[Crawled caption data]
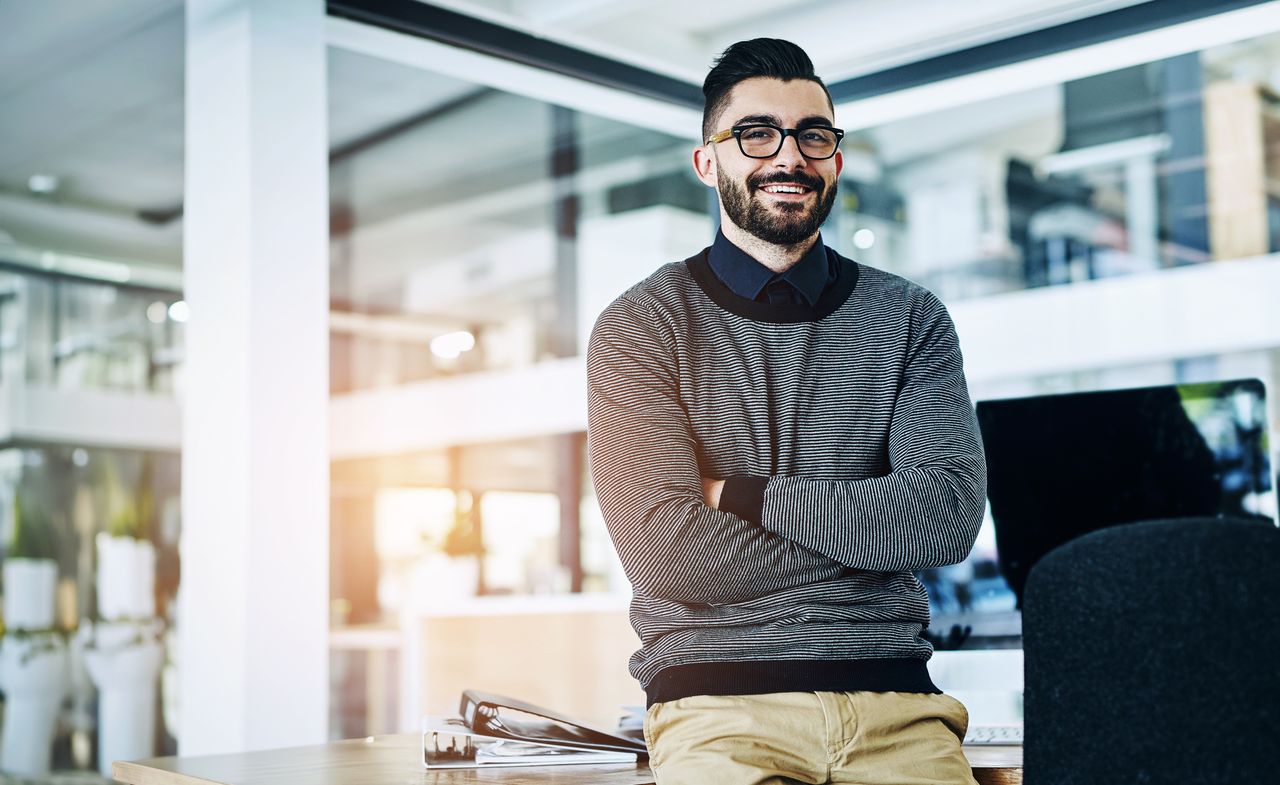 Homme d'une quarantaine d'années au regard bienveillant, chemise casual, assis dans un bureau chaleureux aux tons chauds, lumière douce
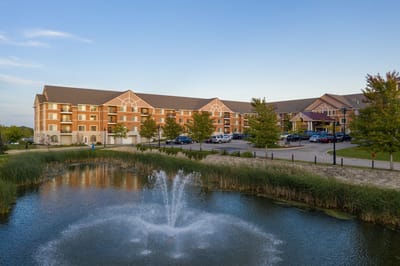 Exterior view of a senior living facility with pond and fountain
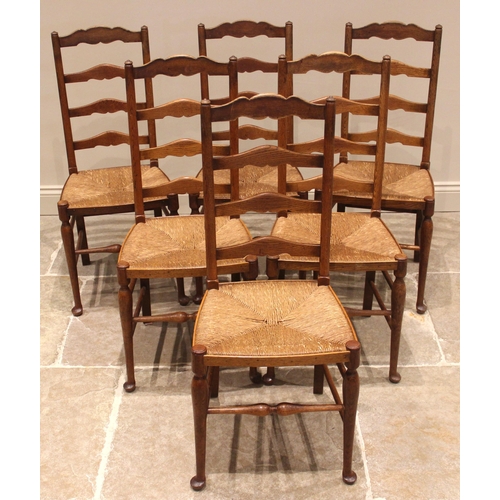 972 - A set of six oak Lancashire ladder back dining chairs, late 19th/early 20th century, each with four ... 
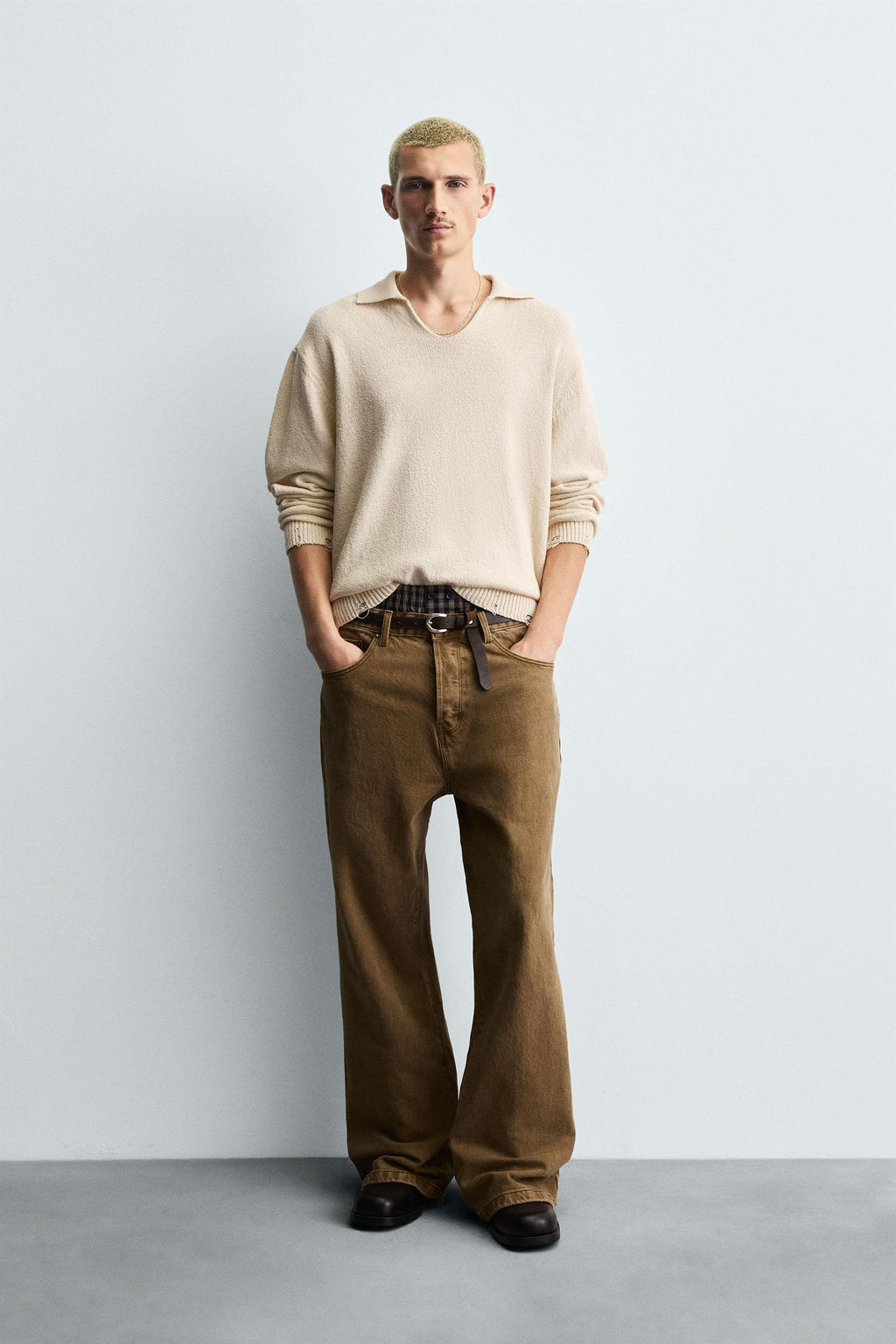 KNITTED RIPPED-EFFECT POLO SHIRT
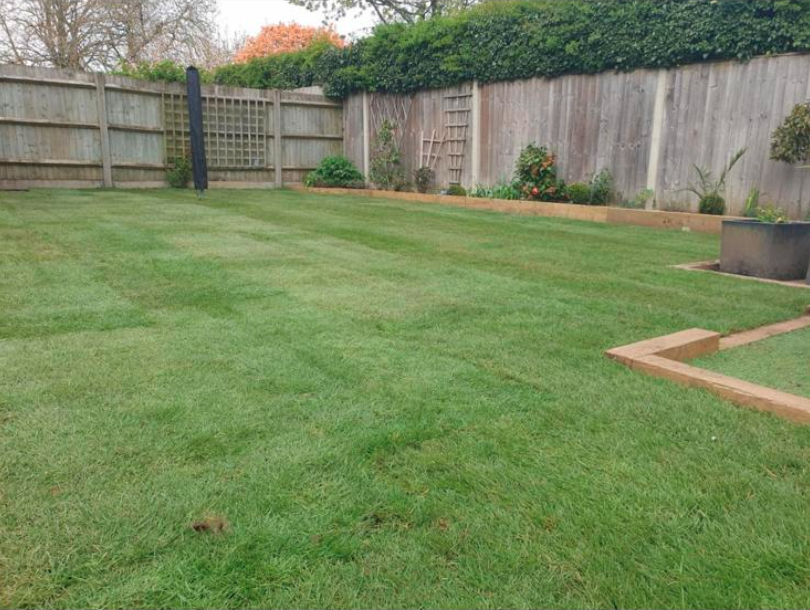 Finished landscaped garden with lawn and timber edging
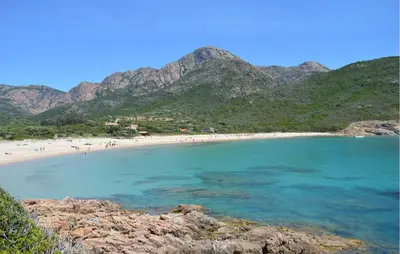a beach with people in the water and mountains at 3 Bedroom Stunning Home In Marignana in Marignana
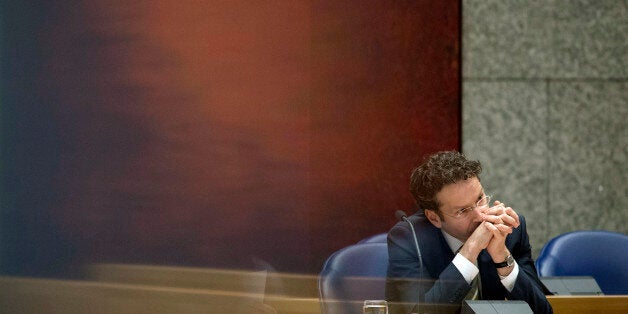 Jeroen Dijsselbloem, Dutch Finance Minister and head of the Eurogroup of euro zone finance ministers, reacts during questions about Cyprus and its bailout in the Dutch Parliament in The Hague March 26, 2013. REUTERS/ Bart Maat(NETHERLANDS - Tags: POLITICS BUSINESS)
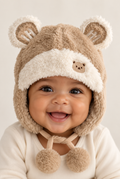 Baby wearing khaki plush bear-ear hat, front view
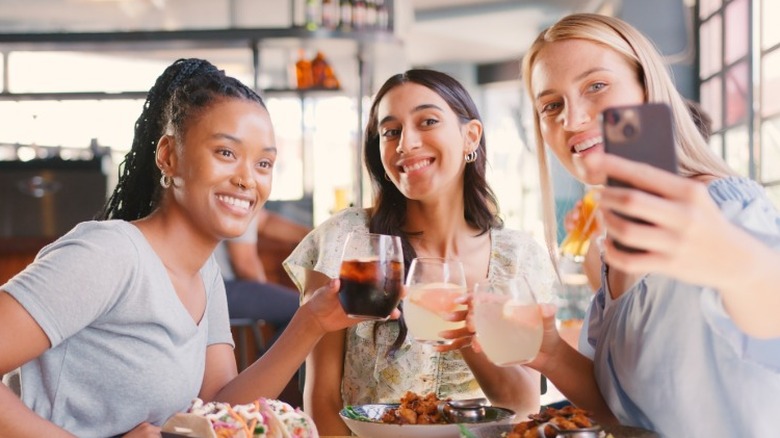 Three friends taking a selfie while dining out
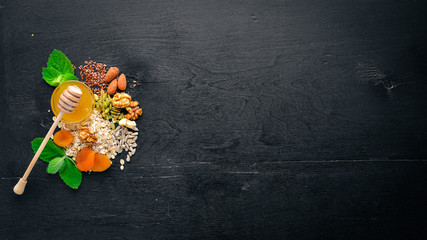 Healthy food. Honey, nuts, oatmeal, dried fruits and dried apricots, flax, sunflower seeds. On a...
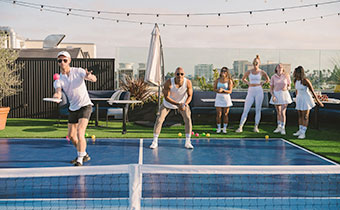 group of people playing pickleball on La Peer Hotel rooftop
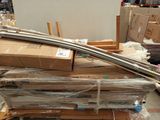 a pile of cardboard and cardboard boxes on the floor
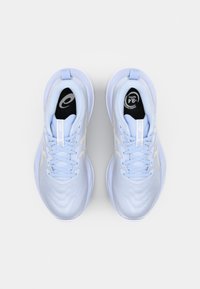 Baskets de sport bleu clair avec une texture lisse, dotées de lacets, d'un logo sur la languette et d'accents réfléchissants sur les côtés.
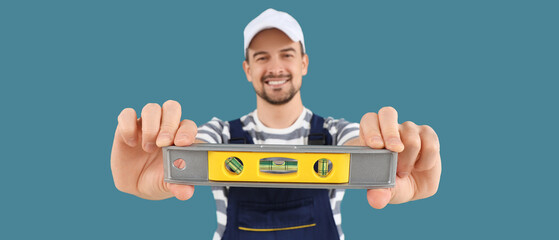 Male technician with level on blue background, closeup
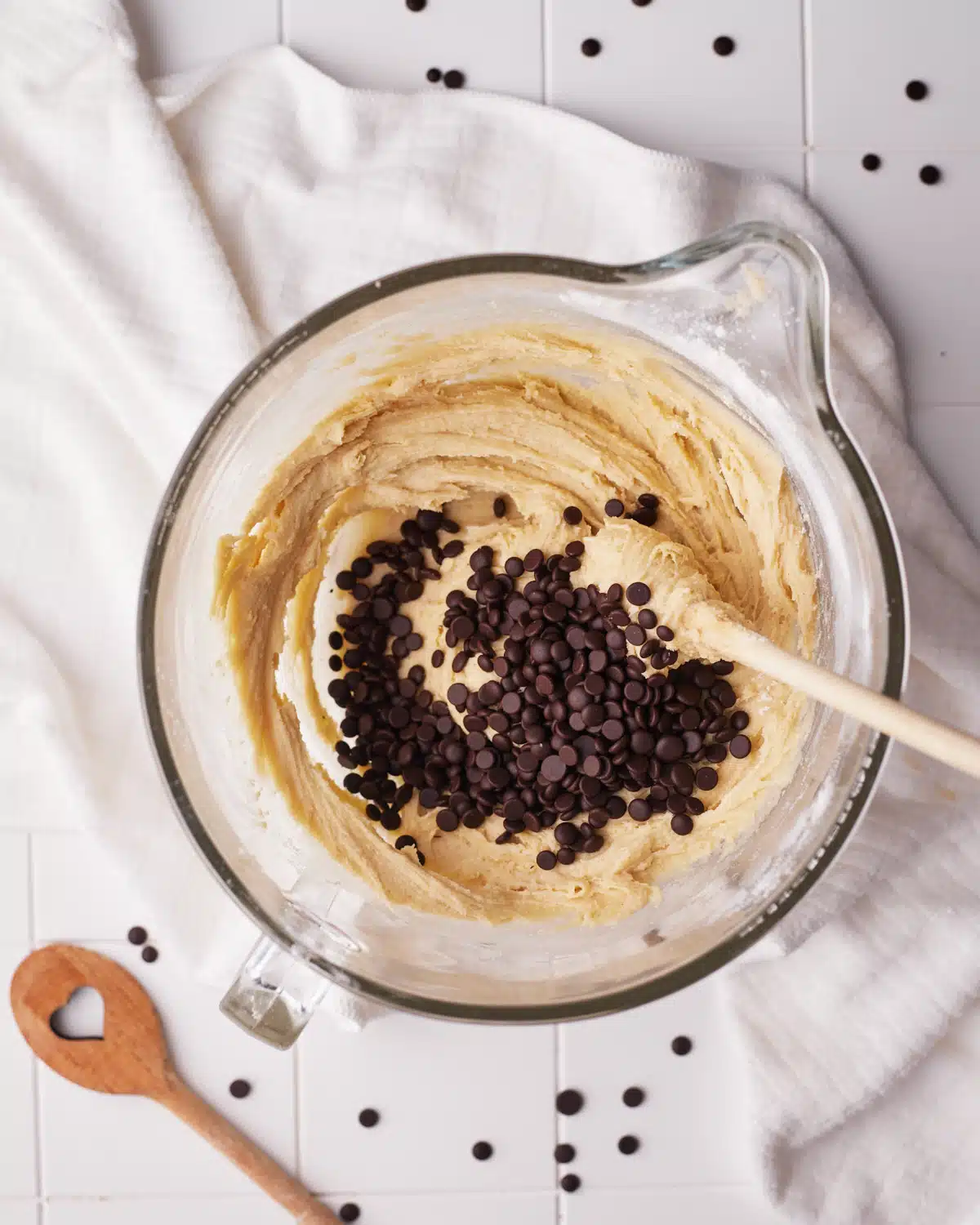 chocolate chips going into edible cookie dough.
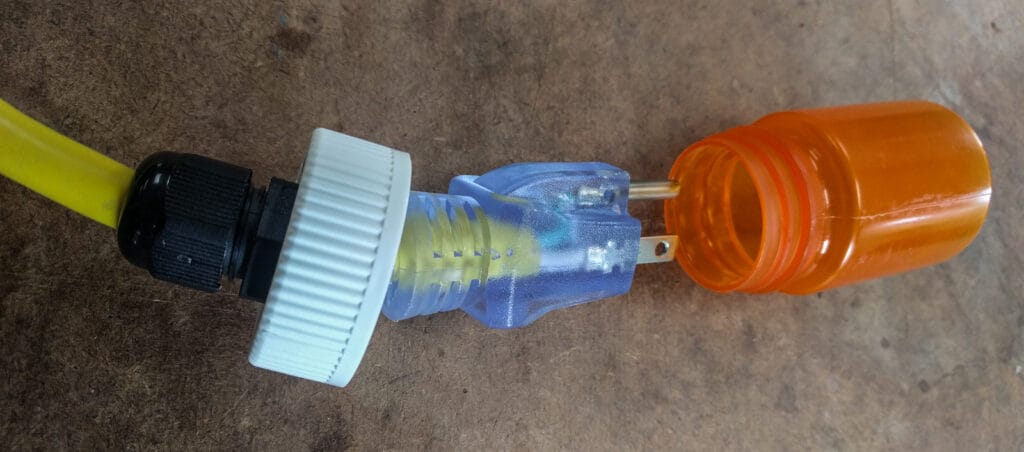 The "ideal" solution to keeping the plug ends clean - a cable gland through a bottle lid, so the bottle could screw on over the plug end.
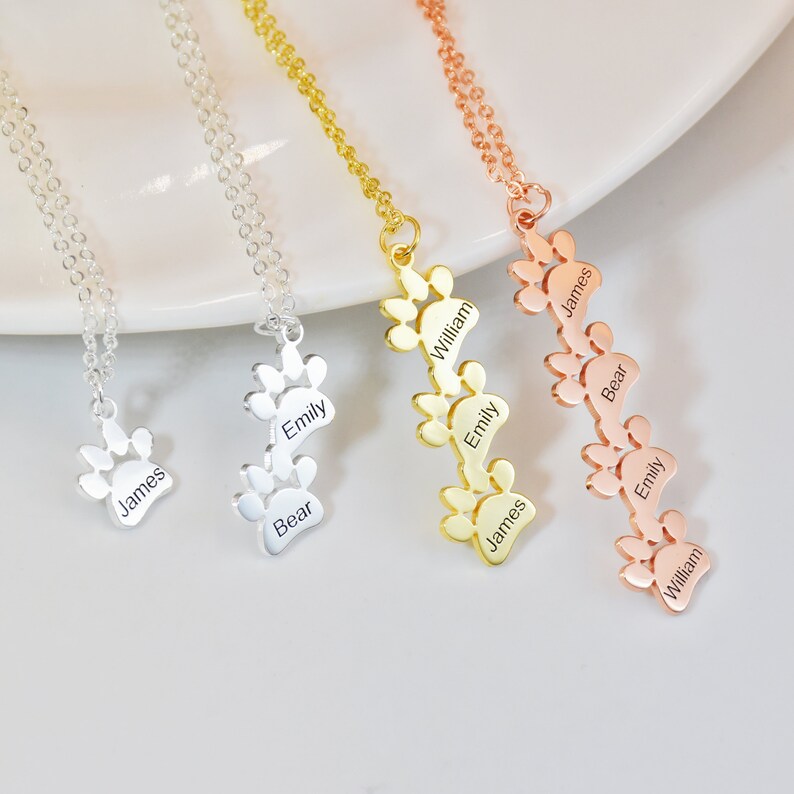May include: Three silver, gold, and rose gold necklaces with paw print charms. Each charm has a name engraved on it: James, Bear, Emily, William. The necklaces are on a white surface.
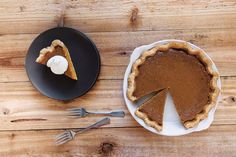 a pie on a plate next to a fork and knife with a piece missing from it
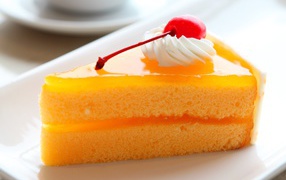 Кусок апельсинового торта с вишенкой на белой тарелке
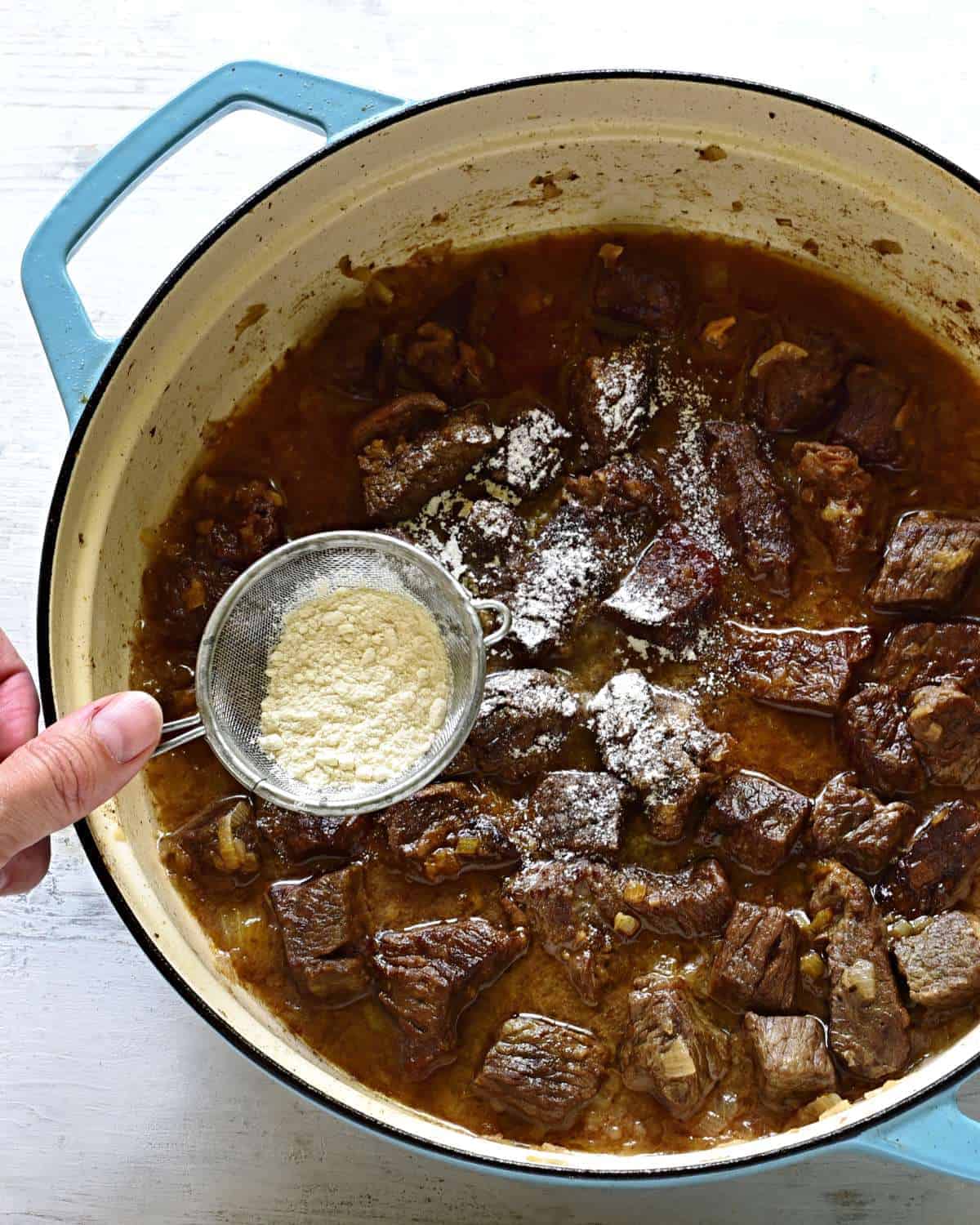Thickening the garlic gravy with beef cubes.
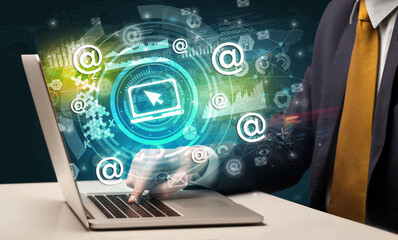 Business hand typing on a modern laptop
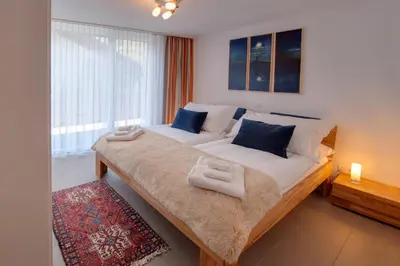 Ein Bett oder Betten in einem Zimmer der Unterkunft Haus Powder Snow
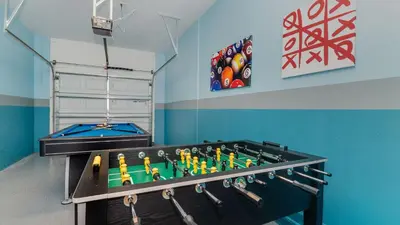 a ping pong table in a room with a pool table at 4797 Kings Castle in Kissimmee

◆ What this task involves:
Nothing but the pictures may be dropped; output the records above exactly.

◆ Reply:
 Homme d'une quarantaine d'années au regard bienveillant, chemise casual, assis dans un bureau chaleureux aux tons chauds, lumière douce
 Exterior view of a senior living facility with pond and fountain
 972 - A set of six oak Lancashire ladder back dining chairs, late 19th/early 20th century, each with four ... 
 KNITTED RIPPED-EFFECT POLO SHIRT
 Finished landscaped garden with lawn and timber edging
a beach with people in the water and mountains at 3 Bedroom Stunning Home In Marignana in Marignana
 Jeroen Dijsselbloem, Dutch Finance Minister and head of the Eurogroup of euro zone finance ministers, reacts during questions about Cyprus and its bailout in the Dutch Parliament in The Hague March 26, 2013. REUTERS/ Bart Maat(NETHERLANDS - Tags: POLITICS BUSINESS)
 Baby wearing khaki plush bear-ear hat, front view
 Three friends taking a selfie while dining out
 Healthy food. Honey, nuts, oatmeal, dried fruits and dried apricots, flax, sunflower seeds. On a...
 group of people playing pickleball on La Peer Hotel rooftop
 a pile of cardboard and cardboard boxes on the floor
 Baskets de sport bleu clair avec une texture lisse, dotées de lacets, d'un logo sur la languette et d'accents réfléchissants sur les côtés.
 Male technician with level on blue background, closeup
 chocolate chips going into edible cookie dough.
 The "ideal" solution to keeping the plug ends clean - a cable gland through a bottle lid, so the bottle could screw on over the plug end.
May include: Three silver, gold, and rose gold necklaces with paw print charms. Each charm has a name engraved on it: James, Bear, Emily, William. The necklaces are on a white surface.
 a pie on a plate next to a fork and knife with a piece missing from it
 Кусок апельсинового торта с вишенкой на белой тарелке
Thickening the garlic gravy with beef cubes.
 Business hand typing on a modern laptop
 Ein Bett oder Betten in einem Zimmer der Unterkunft Haus Powder Snow
 a ping pong table in a room with a pool table at 4797 Kings Castle in Kissimmee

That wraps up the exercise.